Partitioning an NVMe Drive?

Associate
Joined
22 Jan 2006
Posts
1,456
Location
London
Going back a long way I've always partitioned my hard drives mostly to keep the OS and things like office (/program files) in one place and then games on the D:/ and Media or the E:/

I think it was my old man telling me it was easier to locate certain files back when you needed to remember where you put something.

I now have a 1TB NVMe drive (first one in a new build) and I was wondering, do people still partition drives or does everything just go on the C: drive?


Are there any pros and cons to doing it these days?
 
The reason it was typically done was so that you could reinstall the OS and not have to worry user folders getting wiped.

Yeah windows 98-ME was savage with that until XP.

I vaugely remember it also kept your OS files closer to the centre of the of the disc for fast read/writes but that might be completly false and I've remembered something from yesteryear wrong. (Mechanical HDDs of course)

Still makes sense to patrician your drives if you want to keep certain data seperate from windows, etc.

Even more so if you only have 1 drive.

I am assuming that with SSDs/NVMe drives you don't want your OS partition to be too small to run the risk of excessive wear?


1000GB is 840GB

so 150-200GB for Windows, office, etc then the rest for games. Can always get another NVMe but cheaper should I need for less taxing games.
 
Yeah windows 98-ME was savage with that until XP.

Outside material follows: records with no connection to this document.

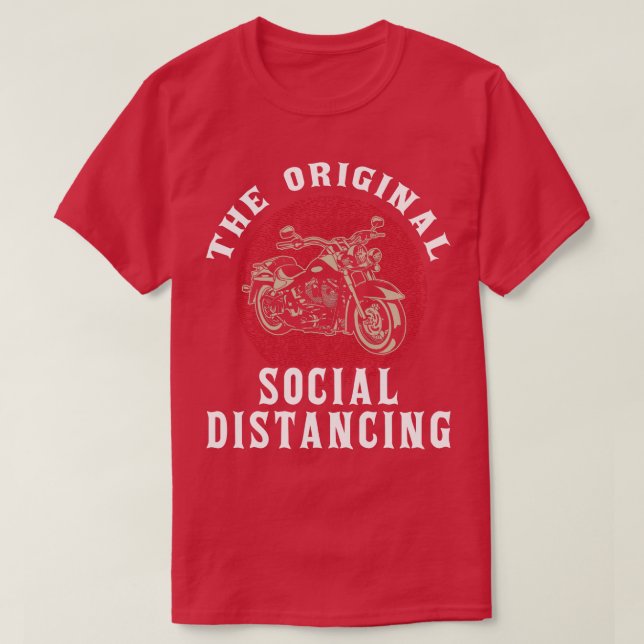 Funny motorcykel Original Social Avstånd T Shirt (Design framsida)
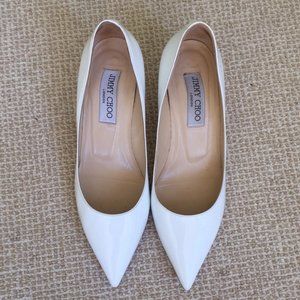 Pair of Jimmy Choo, white kitten heels, size 37, wedding shoes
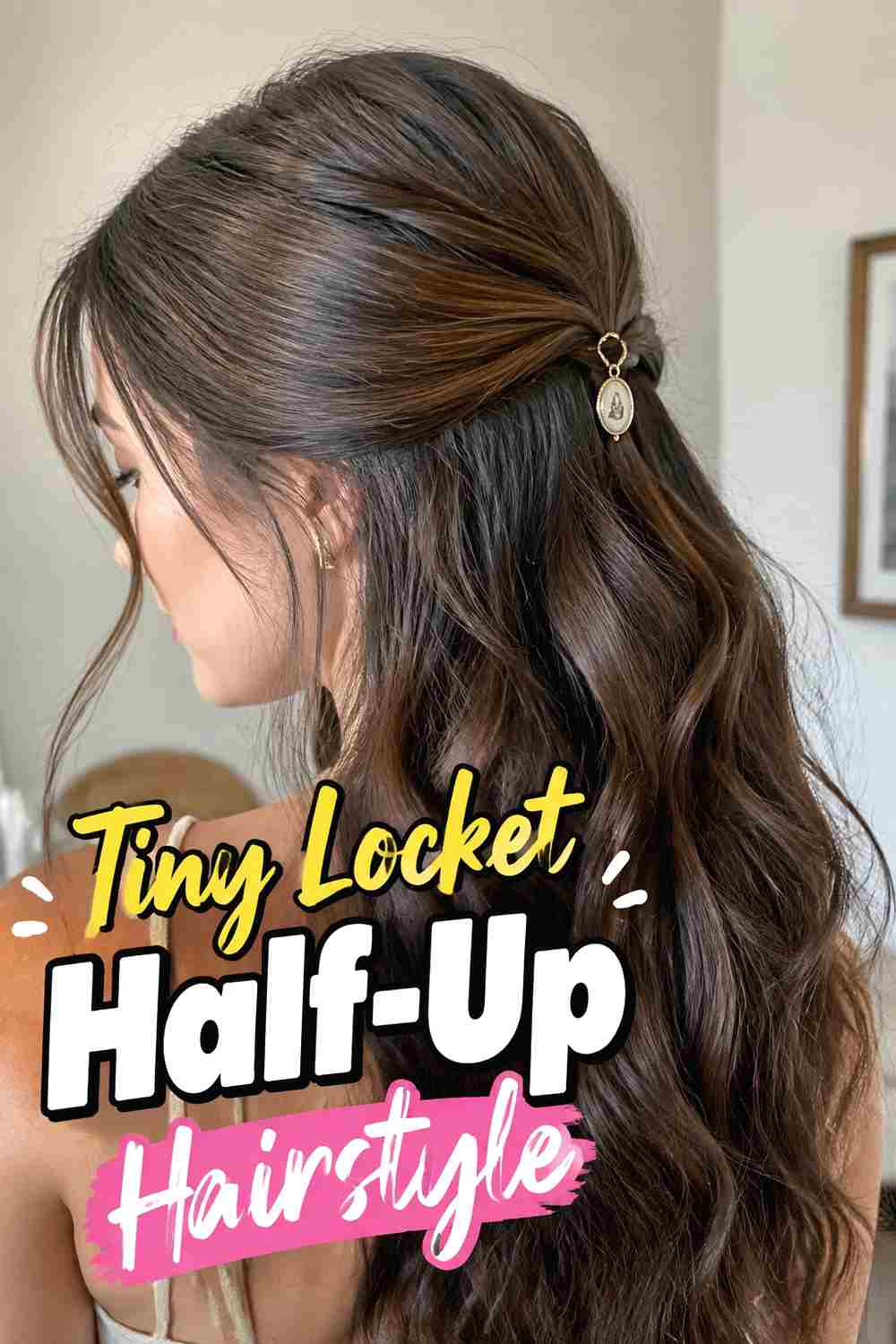 9. Tiny Locket Half Up Hairstyle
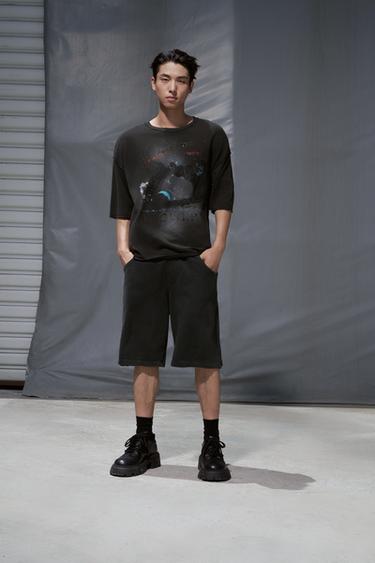 BERMUDA JOGGER BAGGY FIT - Dark anthracite by Zara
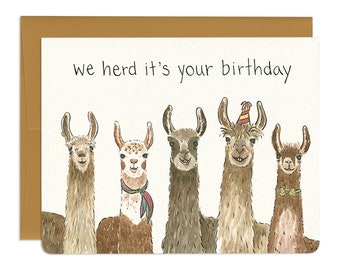 Llama Birthday Card // Cute and Funny Alpaca Inspired Birthday Card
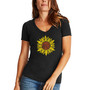 Women's Sunflower Word Art V-neck T-shirt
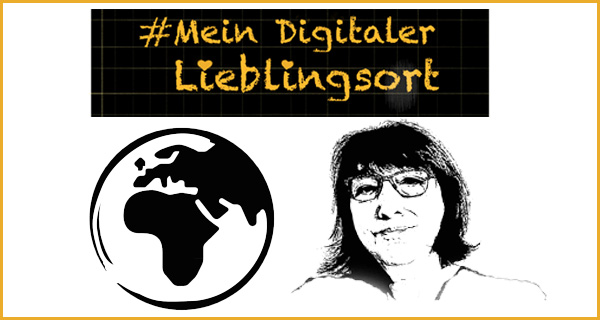 Podcast #meindigitalerLieblingsort!: Episode 14. Zeichnung: Weltkugel und Kopf von Nada Heller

I vaugely remember it also kept your OS files closer to the centre of the of the disc for fast read/writes but that might be completly false and I've remembered something from yesteryear wrong. (Mechanical HDDs of course)



I am assuming that with SSDs/NVMe drives you don't want your OS partition to be too small to run the risk of excessive wear?


1000GB is 840GB

so 150-200GB for Windows, office, etc then the rest for games. Can always get another NVMe but cheaper should I need for less taxing games.
250gb would be about right but never really worried about excessive wear.

Should get another drive anyway for imoprtant data or cloud backup .
 
I've never really gone overboard partitioning drives. I keep the OS and programs on my NVME (C:) and everything else, such as downloads, documents, etc, on the hard drive (D:). One of the first things I do when reinstalling Windows is to change the location of My Documents, etc, to D:.
 
The main benefit nowadays is if you only have a single 1TB NVME, you might want a smaller OS/apps partition - leaving the rest for games media documents etc.

This way if you have any OS issues, or want to reinstall, you can just reinstall over the C:\ and all you have to worry about is your OS and re-installing your programs.

Then you've still retained your games media docs on the D:\ partition and can re-point the OS documents photos folders etc to the D:\ folders once again.

That said, if you have any important media I'd recommend a cloud backup such as Dropbox, One Drive or pCloud is my personal favourite and have used for many years without a hitch.
 
I am assuming that with SSDs/NVMe drives you don't want your OS partition to be too small to run the risk of excessive wear?
Internal operating logic of SSDs doesn't care about file system level borders when it does wear leveling.



You may as well just create a D and E folder in the root of C.
Which will go the way of dodo if you have to nuke OS for clean reinstall.
Making other partition show as folder under C would be far better strategy.